What you should do: Transcribe every line of the material below without change, apart from dropping the pictures.

Available data:

──────────

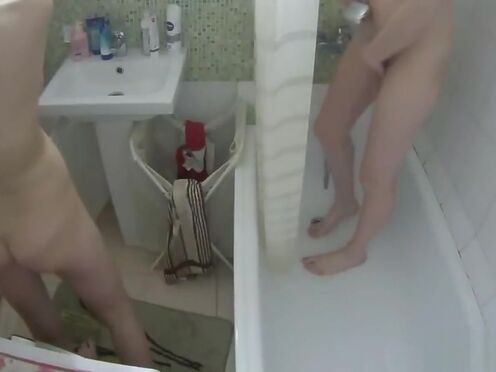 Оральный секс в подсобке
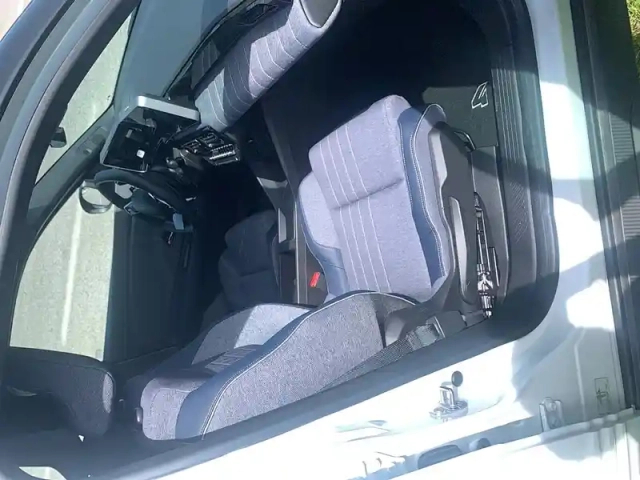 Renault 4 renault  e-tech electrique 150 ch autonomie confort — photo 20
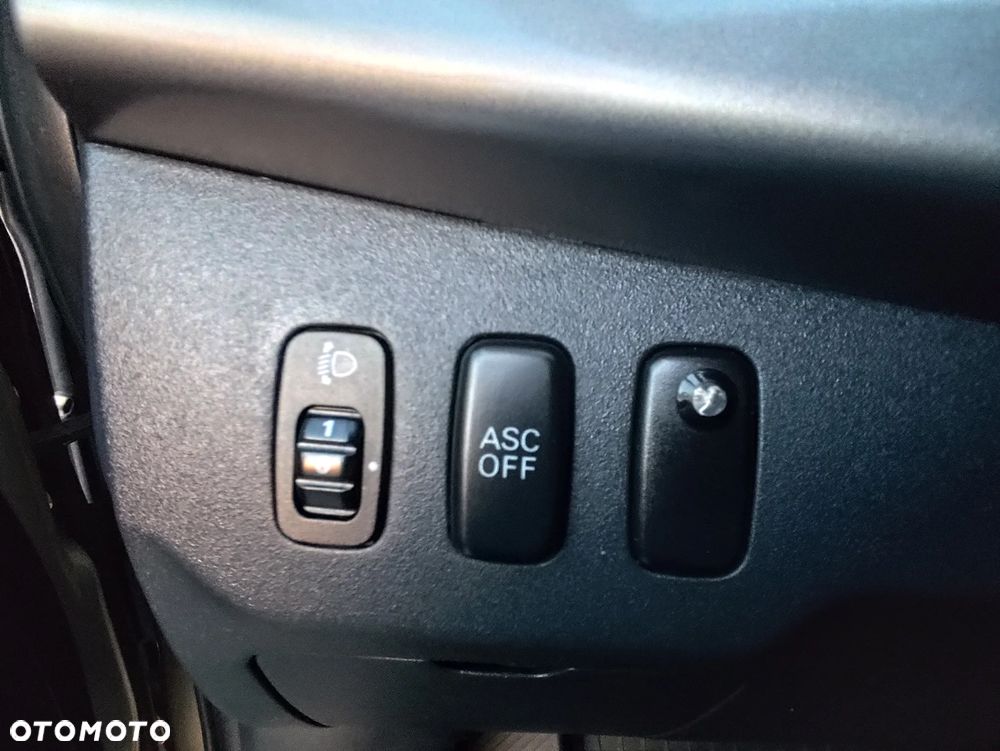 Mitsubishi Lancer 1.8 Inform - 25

──────────

Result of this exercise:
 Оральный секс в подсобке
 Renault 4 renault  e-tech electrique 150 ch autonomie confort — photo 20
 Mitsubishi Lancer 1.8 Inform - 25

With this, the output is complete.